Deciding how to manage underperforming employees is a headache for many business leaders.

In particular, leaders tell me it can be difficult to know when to draw the line and give up.

I recently spoke to one line manager who described a series of six conversations with a consistently underperforming employee – he wanted my advice as to whether or not he should escalate this to his senior manager. I admire his patience but not his management of this individual!

Based on my experience in helping many leaders address this, you should not need to have more than three conversations with an employee about the same behaviours before you can reasonably assume, “they’re not going to change.”

I know what you’re thinking: How can an employee’s potential to change be defined in just three conversations?

Read on to find out.

The first conversation

The first conversation establishes the expectations of both the employee and the manager moving forward.

This needs to be an exploratory, open conversation where your intention as the manager is to:

  • Explain that the performance is not satisfactory
  • Explore why the employee isn’t performing well
  • Determine the actions they need to take to get things on track
  • Establish a system of support to help them succeed

If the employee genuinely intends to improve their performance – and has the potential to do so – the first conversation should be enough to come to a solution and shared understanding of how to move forward. But if not…

The second conversation

The second conversation is required if there has been no reasonable improvement in the employee’s performance.

This conversation needs to ask the employee why they have not put into place the agreed actions, or why the proposed actions are not working.

Then the conversation can be turned towards refining what the employee is going to do to make sure the agreed upon actions work in future.

Like the first conversation, this conversation is exploratory in the sense that the manager needs to understand why the individual hasn’t put into place the remedial actions that were discussed in the first conversation – or why they haven’t been effective.

It’s a much more narrow conversation than the first one. You aren’t discussing again why they aren’t performing, you’re now asking: “Why aren’t you doing the things we agreed you would do?”

Or it could be, “Why are the things we talked about you working on, not helping you to perform better?”

The problem I find is that managers tend to simply repeat the first conversation again, but that won’t help things change. The second conversation needs the narrower focus outlined.

The third conversation

If you need a third conversation about ongoing underperformance, chances are that the person either doesn’t really intend to change or doesn’t have the ability to make the changes required.

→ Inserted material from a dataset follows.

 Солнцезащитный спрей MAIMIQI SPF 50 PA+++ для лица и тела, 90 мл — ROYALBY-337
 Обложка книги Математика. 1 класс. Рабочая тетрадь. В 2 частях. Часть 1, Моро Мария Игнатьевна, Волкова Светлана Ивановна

This conversation can be the most difficult, especially if you know that the person is well-intentioned and has been seriously trying to change.

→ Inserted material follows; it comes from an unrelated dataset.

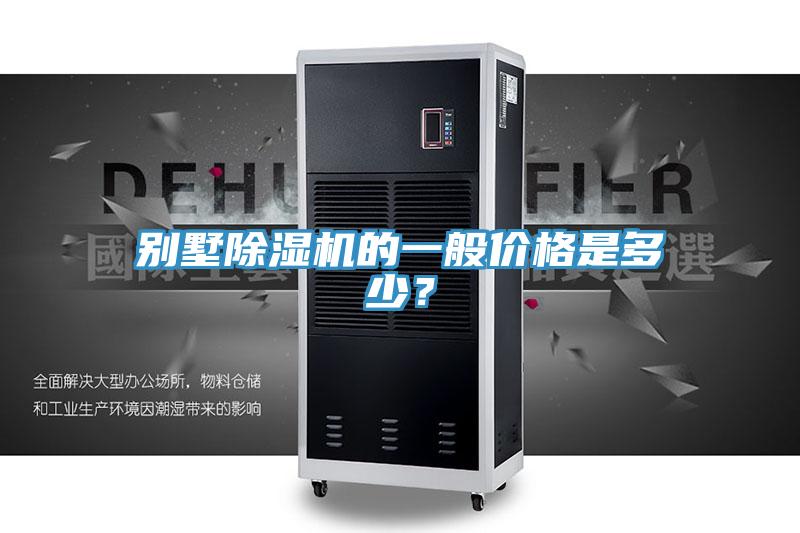别墅小黄片直播视频的一般价格是多少？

This conversation is directive rather than exploratory. You will be explaining what will happen if things don’t change, and change quickly. This is likely to include more formal action such as implementing disciplinary processes.

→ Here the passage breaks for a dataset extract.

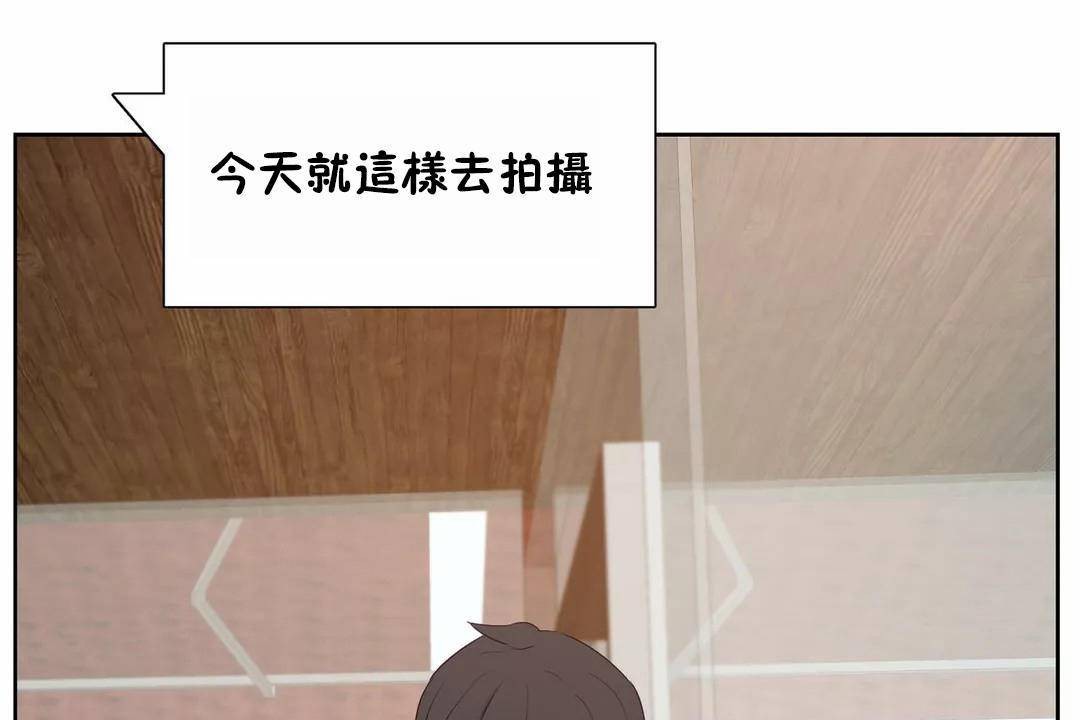 性教育第42话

But remember, at this stage, your intention is still to help the individual achieve satisfactory performance again.

And given the next steps that may be required, make sure that you are getting guidance from HR professionals with your organisation and, if you are in a more junior leadership role, keep your senior manager informed too.

Conclusion

Managing underperforming employees isn’t a favourite part of any managers role – however, it is inevitable that most will have to do so.

To help you with this, I’ve shared the three conversations that managers need to have if performance isn’t getting better. These are increasingly focussed in nature and and are designed to avoid the biggest pitfall managers fall into – having the same initial conversation over and over again – and then wondering why things don’t improve.